[ACTION ITEM]: Reproduce, exactly and in full, only the lines below from the one containing "法明顿Fairfield Inn &" through the one containing "Did I say 6".

Extracted records:

===============

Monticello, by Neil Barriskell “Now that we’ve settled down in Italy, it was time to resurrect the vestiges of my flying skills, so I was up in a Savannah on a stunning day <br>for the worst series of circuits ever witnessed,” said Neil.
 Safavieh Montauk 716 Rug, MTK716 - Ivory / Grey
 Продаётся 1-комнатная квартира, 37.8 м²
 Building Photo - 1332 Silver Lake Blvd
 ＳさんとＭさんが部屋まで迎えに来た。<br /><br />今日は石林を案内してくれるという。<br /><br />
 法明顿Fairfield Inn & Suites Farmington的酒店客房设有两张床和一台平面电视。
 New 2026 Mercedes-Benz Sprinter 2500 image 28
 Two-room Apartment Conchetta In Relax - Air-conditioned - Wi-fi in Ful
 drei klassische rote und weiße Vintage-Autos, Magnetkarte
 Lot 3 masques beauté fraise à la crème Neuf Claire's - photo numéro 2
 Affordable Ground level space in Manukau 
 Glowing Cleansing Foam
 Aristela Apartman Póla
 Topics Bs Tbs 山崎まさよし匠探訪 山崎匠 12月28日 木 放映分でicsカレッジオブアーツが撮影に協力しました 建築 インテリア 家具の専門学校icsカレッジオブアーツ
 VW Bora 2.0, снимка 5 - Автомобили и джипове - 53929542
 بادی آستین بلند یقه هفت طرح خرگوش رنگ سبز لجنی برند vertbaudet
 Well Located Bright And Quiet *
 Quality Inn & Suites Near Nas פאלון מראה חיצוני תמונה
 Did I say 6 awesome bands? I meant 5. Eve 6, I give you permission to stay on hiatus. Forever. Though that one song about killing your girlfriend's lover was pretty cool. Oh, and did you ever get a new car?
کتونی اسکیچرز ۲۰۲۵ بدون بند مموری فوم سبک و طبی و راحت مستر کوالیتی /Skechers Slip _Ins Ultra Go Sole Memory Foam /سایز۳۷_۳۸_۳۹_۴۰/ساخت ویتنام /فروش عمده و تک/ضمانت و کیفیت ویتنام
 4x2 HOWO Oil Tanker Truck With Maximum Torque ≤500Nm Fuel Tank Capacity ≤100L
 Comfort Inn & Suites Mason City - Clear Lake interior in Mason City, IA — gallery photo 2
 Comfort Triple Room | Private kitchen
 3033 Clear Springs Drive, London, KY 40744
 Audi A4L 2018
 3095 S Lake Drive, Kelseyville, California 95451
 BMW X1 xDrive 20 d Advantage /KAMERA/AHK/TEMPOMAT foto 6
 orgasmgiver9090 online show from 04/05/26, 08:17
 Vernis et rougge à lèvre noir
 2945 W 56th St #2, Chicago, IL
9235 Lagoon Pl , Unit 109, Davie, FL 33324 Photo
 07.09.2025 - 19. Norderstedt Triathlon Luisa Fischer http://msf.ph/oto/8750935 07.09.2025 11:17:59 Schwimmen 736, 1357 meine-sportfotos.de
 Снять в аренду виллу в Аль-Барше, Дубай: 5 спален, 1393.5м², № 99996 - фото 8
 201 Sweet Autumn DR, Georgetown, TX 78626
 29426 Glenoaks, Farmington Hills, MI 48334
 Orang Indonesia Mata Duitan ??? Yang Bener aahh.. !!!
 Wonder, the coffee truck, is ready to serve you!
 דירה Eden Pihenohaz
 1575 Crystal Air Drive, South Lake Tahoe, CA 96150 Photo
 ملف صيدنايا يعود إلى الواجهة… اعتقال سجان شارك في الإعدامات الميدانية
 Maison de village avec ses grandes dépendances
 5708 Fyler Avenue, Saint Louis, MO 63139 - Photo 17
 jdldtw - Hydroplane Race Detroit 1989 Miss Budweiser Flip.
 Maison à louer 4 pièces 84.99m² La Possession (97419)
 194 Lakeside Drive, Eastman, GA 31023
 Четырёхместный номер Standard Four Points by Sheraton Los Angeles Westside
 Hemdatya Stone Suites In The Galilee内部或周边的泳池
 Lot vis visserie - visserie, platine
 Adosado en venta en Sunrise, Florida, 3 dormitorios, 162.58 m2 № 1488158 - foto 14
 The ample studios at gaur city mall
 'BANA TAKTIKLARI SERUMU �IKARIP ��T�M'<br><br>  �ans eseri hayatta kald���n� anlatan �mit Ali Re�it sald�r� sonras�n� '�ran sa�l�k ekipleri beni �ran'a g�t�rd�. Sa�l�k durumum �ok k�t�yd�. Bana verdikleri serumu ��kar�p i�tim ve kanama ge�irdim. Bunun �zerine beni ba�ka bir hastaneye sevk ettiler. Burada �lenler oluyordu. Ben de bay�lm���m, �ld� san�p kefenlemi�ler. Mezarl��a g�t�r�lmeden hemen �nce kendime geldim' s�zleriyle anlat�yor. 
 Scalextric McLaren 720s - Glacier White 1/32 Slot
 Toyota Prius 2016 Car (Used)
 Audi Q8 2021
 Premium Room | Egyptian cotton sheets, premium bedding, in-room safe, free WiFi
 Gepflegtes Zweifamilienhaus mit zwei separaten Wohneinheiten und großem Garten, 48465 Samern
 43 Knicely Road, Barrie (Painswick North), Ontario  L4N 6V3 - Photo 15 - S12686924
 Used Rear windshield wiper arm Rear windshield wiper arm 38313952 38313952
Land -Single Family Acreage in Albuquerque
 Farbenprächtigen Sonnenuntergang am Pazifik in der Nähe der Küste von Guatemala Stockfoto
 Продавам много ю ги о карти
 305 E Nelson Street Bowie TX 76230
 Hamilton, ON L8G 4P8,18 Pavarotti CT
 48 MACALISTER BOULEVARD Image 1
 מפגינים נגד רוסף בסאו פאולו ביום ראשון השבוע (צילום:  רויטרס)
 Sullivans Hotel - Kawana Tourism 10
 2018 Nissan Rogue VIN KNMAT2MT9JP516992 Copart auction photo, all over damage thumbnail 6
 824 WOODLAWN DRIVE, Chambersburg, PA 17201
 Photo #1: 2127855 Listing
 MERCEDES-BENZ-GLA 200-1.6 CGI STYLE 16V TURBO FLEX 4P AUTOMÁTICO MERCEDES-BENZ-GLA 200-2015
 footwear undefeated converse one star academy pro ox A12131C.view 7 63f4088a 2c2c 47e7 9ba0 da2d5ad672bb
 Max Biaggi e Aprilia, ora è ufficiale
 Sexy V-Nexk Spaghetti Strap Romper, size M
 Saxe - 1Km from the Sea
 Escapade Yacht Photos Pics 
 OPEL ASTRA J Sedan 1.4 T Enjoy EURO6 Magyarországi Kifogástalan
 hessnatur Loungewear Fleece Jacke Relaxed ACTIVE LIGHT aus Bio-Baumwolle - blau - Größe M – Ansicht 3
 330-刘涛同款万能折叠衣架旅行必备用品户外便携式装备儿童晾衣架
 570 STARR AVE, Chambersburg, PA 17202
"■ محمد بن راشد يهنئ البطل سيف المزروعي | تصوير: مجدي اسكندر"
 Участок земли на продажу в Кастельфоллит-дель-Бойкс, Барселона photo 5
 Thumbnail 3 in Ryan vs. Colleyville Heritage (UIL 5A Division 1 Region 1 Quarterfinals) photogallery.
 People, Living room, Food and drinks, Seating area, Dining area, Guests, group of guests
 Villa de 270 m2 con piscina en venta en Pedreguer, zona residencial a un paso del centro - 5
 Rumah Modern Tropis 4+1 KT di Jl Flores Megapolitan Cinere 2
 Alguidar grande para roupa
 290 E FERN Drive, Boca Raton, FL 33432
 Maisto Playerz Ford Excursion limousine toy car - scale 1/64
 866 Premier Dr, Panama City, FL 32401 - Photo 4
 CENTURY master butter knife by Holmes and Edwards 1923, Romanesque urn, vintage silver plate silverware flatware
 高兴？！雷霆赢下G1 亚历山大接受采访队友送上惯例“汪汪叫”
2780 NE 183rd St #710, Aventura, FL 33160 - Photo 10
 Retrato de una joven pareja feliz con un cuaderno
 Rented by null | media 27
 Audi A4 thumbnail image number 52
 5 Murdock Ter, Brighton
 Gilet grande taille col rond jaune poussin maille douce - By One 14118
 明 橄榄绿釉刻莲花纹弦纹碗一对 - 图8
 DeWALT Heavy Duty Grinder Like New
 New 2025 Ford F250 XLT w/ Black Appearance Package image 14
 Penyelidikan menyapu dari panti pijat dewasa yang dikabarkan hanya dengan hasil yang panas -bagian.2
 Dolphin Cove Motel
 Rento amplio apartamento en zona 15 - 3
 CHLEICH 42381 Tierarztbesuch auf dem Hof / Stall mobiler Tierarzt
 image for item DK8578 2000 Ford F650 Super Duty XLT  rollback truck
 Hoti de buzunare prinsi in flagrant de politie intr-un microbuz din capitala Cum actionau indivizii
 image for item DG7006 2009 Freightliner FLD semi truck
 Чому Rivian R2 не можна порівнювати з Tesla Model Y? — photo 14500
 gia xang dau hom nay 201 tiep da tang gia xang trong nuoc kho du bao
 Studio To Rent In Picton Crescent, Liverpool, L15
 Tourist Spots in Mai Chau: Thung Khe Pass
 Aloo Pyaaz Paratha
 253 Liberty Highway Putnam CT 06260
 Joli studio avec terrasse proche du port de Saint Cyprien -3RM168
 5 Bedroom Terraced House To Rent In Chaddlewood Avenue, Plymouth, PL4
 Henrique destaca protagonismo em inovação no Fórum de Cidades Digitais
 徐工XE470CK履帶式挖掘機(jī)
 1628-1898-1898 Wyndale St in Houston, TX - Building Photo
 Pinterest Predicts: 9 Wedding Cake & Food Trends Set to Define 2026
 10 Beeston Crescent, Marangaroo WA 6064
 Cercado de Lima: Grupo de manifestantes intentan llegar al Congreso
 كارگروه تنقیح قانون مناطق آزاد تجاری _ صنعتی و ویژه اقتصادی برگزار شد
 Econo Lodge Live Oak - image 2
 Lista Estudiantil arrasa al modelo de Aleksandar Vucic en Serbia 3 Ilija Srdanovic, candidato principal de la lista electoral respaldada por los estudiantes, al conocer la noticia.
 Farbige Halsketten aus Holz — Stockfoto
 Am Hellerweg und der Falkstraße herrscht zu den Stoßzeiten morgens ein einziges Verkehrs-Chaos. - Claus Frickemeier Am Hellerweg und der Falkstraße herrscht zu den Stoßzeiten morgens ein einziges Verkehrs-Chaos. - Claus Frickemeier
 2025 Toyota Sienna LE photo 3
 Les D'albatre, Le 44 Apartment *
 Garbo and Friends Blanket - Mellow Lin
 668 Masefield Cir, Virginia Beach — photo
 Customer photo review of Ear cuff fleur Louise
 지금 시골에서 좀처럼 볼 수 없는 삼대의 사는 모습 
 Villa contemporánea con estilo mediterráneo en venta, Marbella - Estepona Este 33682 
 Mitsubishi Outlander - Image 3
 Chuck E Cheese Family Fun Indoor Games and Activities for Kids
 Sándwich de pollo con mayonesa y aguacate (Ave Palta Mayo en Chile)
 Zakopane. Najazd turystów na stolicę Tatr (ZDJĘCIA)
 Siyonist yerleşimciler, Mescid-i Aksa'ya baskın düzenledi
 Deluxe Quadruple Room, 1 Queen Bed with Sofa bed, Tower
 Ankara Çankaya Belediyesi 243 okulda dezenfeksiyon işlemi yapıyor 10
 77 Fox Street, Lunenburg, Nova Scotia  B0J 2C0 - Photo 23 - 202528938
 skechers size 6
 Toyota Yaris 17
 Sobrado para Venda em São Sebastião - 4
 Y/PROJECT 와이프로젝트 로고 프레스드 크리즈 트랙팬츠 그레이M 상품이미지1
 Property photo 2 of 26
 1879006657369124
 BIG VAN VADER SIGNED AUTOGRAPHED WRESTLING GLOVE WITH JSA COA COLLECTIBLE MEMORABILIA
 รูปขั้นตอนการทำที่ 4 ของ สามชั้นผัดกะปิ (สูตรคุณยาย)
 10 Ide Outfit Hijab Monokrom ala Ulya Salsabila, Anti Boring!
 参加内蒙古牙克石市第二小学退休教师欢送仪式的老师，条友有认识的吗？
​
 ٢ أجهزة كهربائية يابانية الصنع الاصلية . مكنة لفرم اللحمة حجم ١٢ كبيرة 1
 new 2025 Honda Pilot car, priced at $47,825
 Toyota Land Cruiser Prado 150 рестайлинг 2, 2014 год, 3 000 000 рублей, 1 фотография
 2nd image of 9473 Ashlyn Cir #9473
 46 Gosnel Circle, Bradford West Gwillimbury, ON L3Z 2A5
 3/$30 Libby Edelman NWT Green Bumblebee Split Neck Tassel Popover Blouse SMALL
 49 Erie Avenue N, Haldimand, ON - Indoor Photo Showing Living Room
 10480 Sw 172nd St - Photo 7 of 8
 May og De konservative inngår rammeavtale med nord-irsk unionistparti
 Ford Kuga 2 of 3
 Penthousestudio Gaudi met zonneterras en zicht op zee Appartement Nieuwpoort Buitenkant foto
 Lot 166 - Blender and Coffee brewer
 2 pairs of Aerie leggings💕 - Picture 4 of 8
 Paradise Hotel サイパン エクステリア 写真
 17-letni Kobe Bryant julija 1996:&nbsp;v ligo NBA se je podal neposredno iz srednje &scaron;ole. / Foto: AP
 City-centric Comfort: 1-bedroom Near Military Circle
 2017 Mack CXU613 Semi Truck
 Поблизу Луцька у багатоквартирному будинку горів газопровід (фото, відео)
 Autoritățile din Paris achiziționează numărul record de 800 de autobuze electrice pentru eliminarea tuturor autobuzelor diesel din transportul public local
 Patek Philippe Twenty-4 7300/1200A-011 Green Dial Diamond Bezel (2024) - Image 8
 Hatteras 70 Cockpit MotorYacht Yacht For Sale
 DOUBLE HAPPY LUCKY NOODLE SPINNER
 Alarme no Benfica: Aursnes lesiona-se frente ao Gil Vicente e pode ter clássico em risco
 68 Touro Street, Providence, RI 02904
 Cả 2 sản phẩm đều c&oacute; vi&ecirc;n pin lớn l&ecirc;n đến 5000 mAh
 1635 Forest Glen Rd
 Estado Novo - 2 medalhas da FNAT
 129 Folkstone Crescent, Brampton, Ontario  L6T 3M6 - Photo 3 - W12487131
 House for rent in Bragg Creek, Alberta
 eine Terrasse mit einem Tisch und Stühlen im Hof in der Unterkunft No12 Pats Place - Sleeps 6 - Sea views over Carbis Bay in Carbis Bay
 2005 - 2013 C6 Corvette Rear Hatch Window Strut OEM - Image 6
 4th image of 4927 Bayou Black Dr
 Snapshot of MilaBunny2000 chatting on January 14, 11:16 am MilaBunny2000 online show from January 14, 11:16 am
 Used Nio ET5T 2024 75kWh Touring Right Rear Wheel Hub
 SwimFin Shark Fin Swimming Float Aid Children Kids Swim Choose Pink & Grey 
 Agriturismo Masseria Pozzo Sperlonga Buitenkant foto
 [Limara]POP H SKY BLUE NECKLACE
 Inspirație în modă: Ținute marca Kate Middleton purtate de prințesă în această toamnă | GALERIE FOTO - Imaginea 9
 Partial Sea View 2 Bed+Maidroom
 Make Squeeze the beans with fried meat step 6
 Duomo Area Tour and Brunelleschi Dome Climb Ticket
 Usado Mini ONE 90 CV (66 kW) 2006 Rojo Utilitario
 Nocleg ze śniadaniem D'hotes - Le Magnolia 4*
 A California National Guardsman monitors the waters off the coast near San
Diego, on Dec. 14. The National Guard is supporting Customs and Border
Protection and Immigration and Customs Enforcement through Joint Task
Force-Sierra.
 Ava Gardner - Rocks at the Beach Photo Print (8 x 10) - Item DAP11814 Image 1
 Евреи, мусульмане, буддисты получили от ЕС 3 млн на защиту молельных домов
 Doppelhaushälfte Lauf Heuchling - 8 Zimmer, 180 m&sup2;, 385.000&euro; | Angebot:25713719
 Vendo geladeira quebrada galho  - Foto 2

===============

[ANSWER TO THIS TASK]:
 法明顿Fairfield Inn & Suites Farmington的酒店客房设有两张床和一台平面电视。
 New 2026 Mercedes-Benz Sprinter 2500 image 28
 Two-room Apartment Conchetta In Relax - Air-conditioned - Wi-fi in Ful
 drei klassische rote und weiße Vintage-Autos, Magnetkarte
 Lot 3 masques beauté fraise à la crème Neuf Claire's - photo numéro 2
 Affordable Ground level space in Manukau 
 Glowing Cleansing Foam
 Aristela Apartman Póla
 Topics Bs Tbs 山崎まさよし匠探訪 山崎匠 12月28日 木 放映分でicsカレッジオブアーツが撮影に協力しました 建築 インテリア 家具の専門学校icsカレッジオブアーツ
 VW Bora 2.0, снимка 5 - Автомобили и джипове - 53929542
 بادی آستین بلند یقه هفت طرح خرگوش رنگ سبز لجنی برند vertbaudet
 Well Located Bright And Quiet *
 Quality Inn & Suites Near Nas פאלון מראה חיצוני תמונה
 Did I say 6 awesome bands? I meant 5. Eve 6, I give you permission to stay on hiatus. Forever. Though that one song about killing your girlfriend's lover was pretty cool. Oh, and did you ever get a new car?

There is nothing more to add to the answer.